At this time of year, when drugstore and stationery shop aisles are filled with red and pink cards, teddy bears and chocolates, it’s hard not to think of Valentine’s Day as a Hallmark Holiday – an occasion cooked up by corporations looking to sell more stuff.
But lovebirds are actually participating in a celebration that has its origins in Roman times – and the exchange of cards is a tradition that dates back at least 200 years.
University of Toronto’s Thomas Fisher Rare Book Library is exploring the evolution and history of Valentine’s Day memorabilia with its new collection of around 500 cards dating back to the 19th century.
Some of the more intricate cards in the Fisher Library collection (photo by Laura Pedersen)
“We have one of the largest collections of Valentine's ephemera in North America,” says David Fernandez, a rare book librarian at Fisher Library.
After acquiring the collection from David Mason Books this past summer, Fernandez and Zoe Panday, an art history major and a material culture student on placement at Fisher Library, worked together to sort and catalogue the collection.
The library’s collection ranges from elaborate fold-out valentines and ones with moveable parts to cards the size of post-its.
“They're quite diverse in their offerings,” says Fernandez. “As a collection, it's very telling of the social history – especially ideas of gender and sexuality and the relationship between those and love.”
For example, he says, the cards for children encourage boys to be possessive, using language alluding to belonging and owning love.

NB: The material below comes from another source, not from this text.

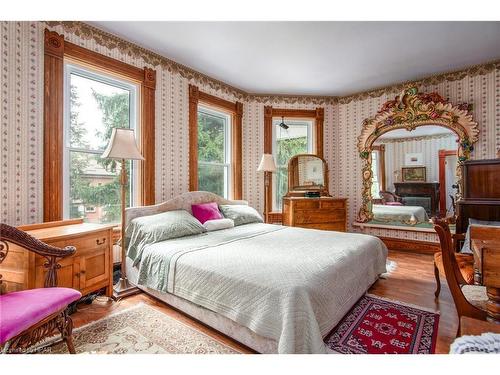 49 William Street N, Clinton, ON - Indoor Photo Showing Bedroom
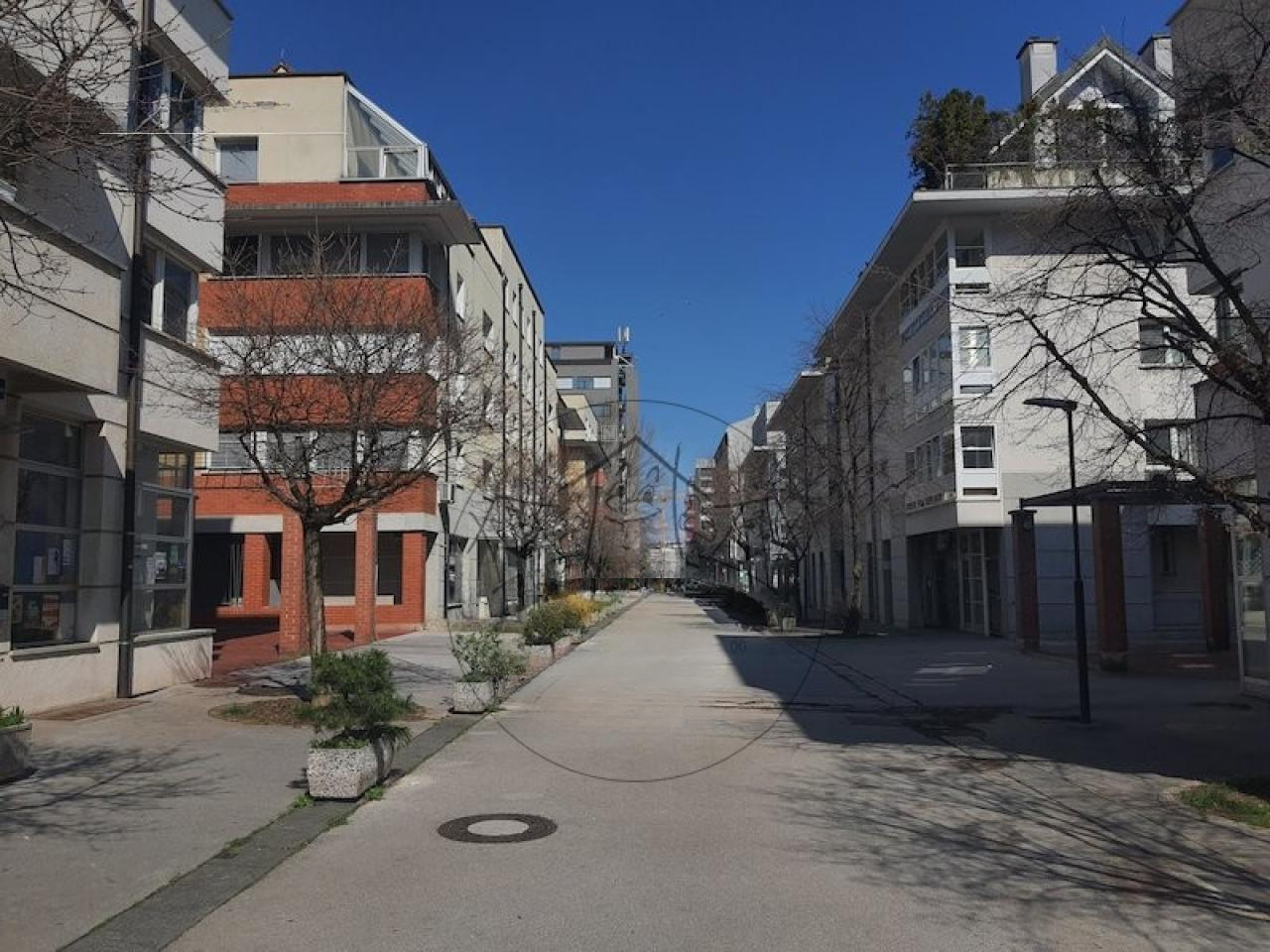 Офис в Любляне, Словения, 94 м² - фото 1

Some cards are linked to the aesthetic styles popular at the time – like the floral-heavy designs of the 19th-century cards.
Victorian fold-out card (photo by Laura Pedersen)
The popularity of Valentine’s Day cards in the 1800s is tied to cheaper postage and the invention of chromolithography – a printing technique using layers of different colours, says Fernandez.
“Chromolithography and photography allowed for reproduction of more images in a way that you can produce more for less,” he says.
Valentine's Day cards adapted based on changes to the printing industry (photo by Laura Pedersen)
Part of the collection is currently on display on the second floor of Fisher Library in an exhibit curated by Panday.
“Being able to step back and curate this little exhibit has given me a chance to look at the bigger picture and get more into what [the holiday] means and how I can connect with it, how other people can connect with it and how people connected with it in the past,” she says.
Fernandez says the collection will soon be digitized and will be publicly available online.